# Knoxville TN



## Kelly-05 (Feb 11, 2012)

In the past few weeks I've seen a few GTO's on my commute.
Looking for owners in this area for get togethers, barbecues, Mod days etc.


----------



## cutlass79500 (Jan 29, 2012)

wish i lived closer. Just bought mine last saturday


----------



## RichM921 (Jul 30, 2011)

I'm in Knoxville. Mine's an IBM '04. I'm not really into mods, as mine's a daily driver and I just love the car as it is stock. As they say, to each his own.


----------



## Kelly-05 (Feb 11, 2012)

Sorry Cutlass, you are 4 hours away, too bad.

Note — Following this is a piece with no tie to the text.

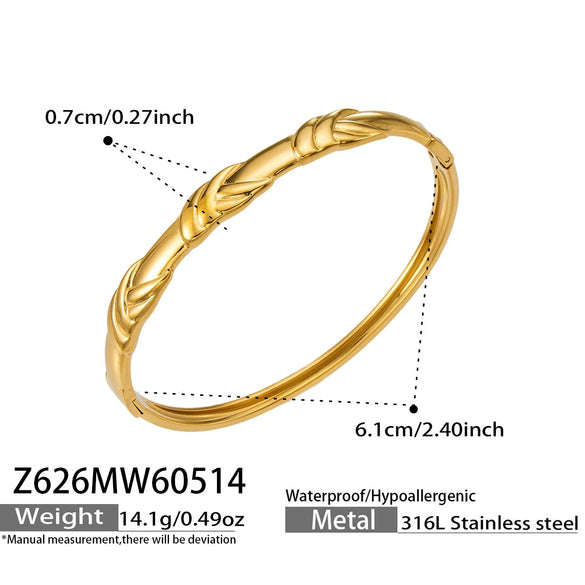 Wholesale Women's Geometric Stainless Steel 18K Goldplated Bracelet Jewelry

Hey Rich, nothing wrong with stock. Just looking to hang with other owners. 

I've seen two black, two red (both flavors) and a yellow in the past few weeks.

Be kewl to get us together. Family things are good as I have a wife and daughter. I have a huge driveway, huge yard...can host barbecue's or similar.
We get enough interest I can even provide a live band. 
Lets see if more chime in.


----------



## RichM921 (Jul 30, 2011)

Sounds cool, yeah let me know if you get something together. I'm usually free on most Saturdays. I know there are at least two other knoxville area GTO owners on here, but I don't know how often they check the board. 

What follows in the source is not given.